Moment that mattered: The 2012 Olympics opening ceremony
Danny Boyle did a stunning job on the opening ceremonies. It was one of those moments when the cliché was true: the world was watching. Probably quite confused at times – why were there giant trampoline beds everywhere? – but watching nonetheless.
The big moment for me was that split second in the video shot in Buckingham Palace when the Queen turned round to talk to James Bond and you realised it was actually her – not a lookalike, but the actual head of state, playing along for the occasion. It was fascinating from a PR perspective: in that moment she could have done Brand Windsor more good than in a decade’s worth of official duties. It was a stunt that genuinely attached her to her subjects. It caught us off guard but I defy anyone who says they didn’t cheer with delight when they saw her joining in. If you can create a stunt that makes everyone in the country whoop simultaneously, then you’ve found the PR.
I reckon the Queen was aware of the trajectory that the royal family has been travelling on since William and Kate’s wedding.
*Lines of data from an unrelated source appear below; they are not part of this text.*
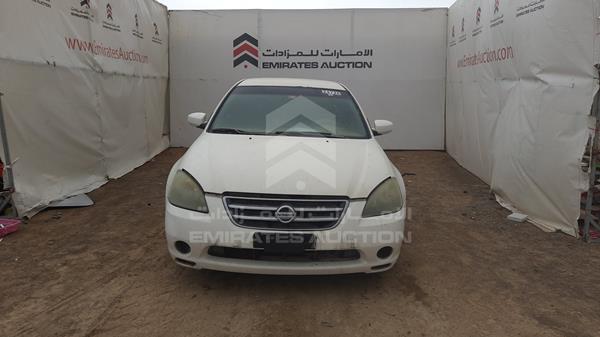 NISSAN ALTIMA 2005 1n4al11d35c952389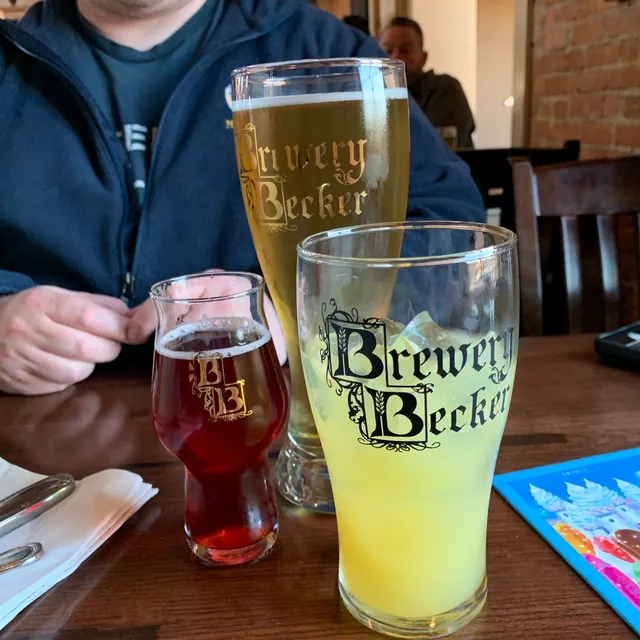 Brewery Becker
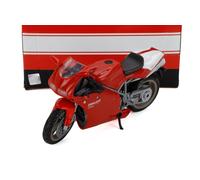 1/12 NEWRAY - DUCATI - 998S TESTASTRETTA REPLICA SUPERBIKE 2001 43693i-998S
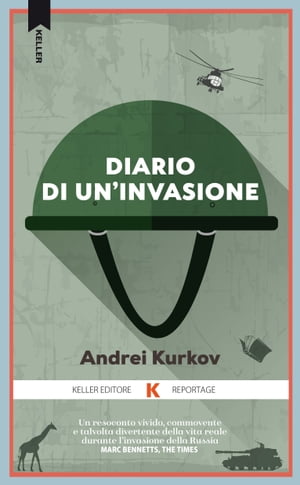 Diario di un’invasione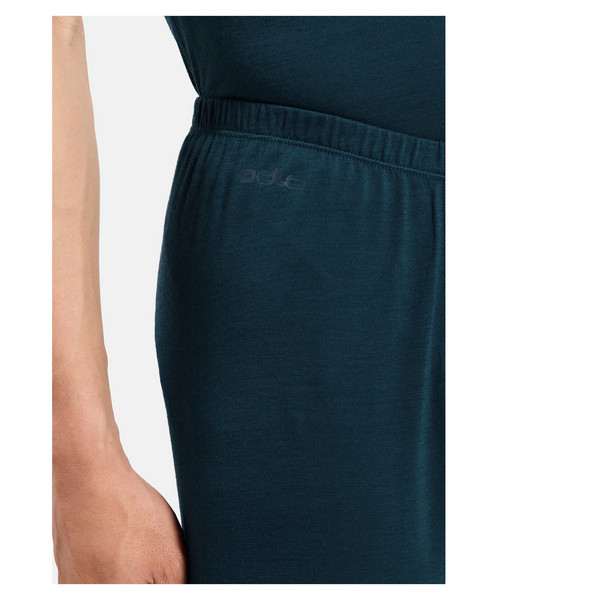 Odlo MERINO FUNDAMENTALS BL BOTTOM LONG Herren - Baselayer Ansicht 5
That was the first step in the journey that got us to her appearing to dive out of a helicopter with James Bond. We have fallen in love with the royal family again and it is because they seem accessible and authentic. Authenticity should never be underestimated, particularly not in the UK, whose population has a bullshit radar like no other country on earth.
Ten years ago a stunt like the Bond skit was unthinkable – the only way for the Queen to be part of such a huge event would be making a stage-managed, wooden speech from the royal box. But things have changed dramatically since then. The emergence of social media has made it possible for us all to make our joys and displeasures immediately known to a wide audience. It has removed some social divides and led to the killing of some sacred cows. Traditional one-way communication is being repaced with two-way relationships, and PR has stopped being counted in column inches and started being judged by the way it builds these relationships. In the past, the royal family banked on its detachment, but it seems to understand it must be more accessible in this new era.
The Queen’s participation was a calculated gamble. Luxury branding has a code all of its own. A luxury brand can too easily undermine itself. But it was a gamble that paid off magnificently: anybody who saw that film and that helicopter jump will be telling people about it for the rest of their lives.